Может быть, в такой архитектуре и имеется скрытый смысл. Ведь если долго сдавливать человеческий дух, то он разрывает оковы и взмывает в небеса, гневный, освобожденный, несущий легкое и чистое пламя ярости. Именно для такого духа и стали вместилищем огромные, полные воздуха строения, которые проектирует мой брат для Рейха. Под куполами его дворцов можно летать на самолете.
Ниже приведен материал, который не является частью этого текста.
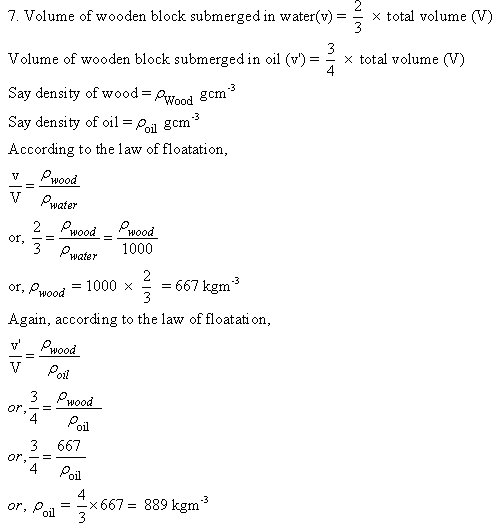 Selina Concise Physics Class 9 ICSE Solutions Upthrust in Fluids, Archimedes' Principle and Floatation image - 45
Чем ближе я подходил к окраине, тем более прозаические мысли меня посещали. Больше я не раздумывал об архитектурных стилях и о связи внешнего облика города с состоянием человеческого духа. Может быть, я устал от этих мыслей, не очень-то для меня привычных, и они мне попросту надоели, может быть, все дело в самой окраине — она была ровно такой же, как в сотнях других городов — конечно, исключая русские.
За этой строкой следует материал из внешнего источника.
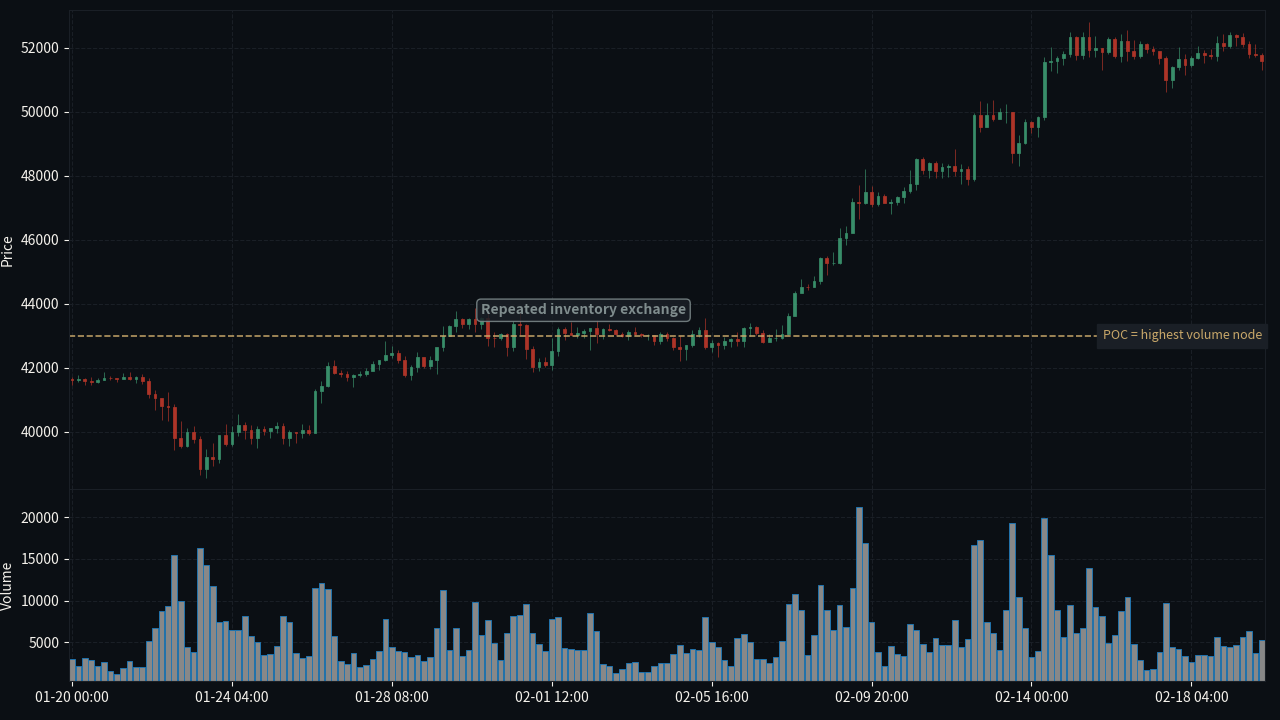 BTC/USD H4 POC highest volume node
Труди Зейферт не оказалось дома — она пошла в церковь. Ах да, сегодня же воскресенье. Когда я подъезжал к Дрездену на поезде, то слышал согласный звон колоколов. Соседка, которая сообщила мне о местонахождении фройляйн Зейферт, всячески пыталась угодить господину лейтенанту — еще бы, фронтовик, офицер, да, видно, не из простых.

— Я могу проводить вас до этой церкви, — предлагала добрая домохозяйка, сверля меня пронзительными маленькими глазками. — Заодно вознесете хвалу Господу за то, что извел вас из пасти огненной.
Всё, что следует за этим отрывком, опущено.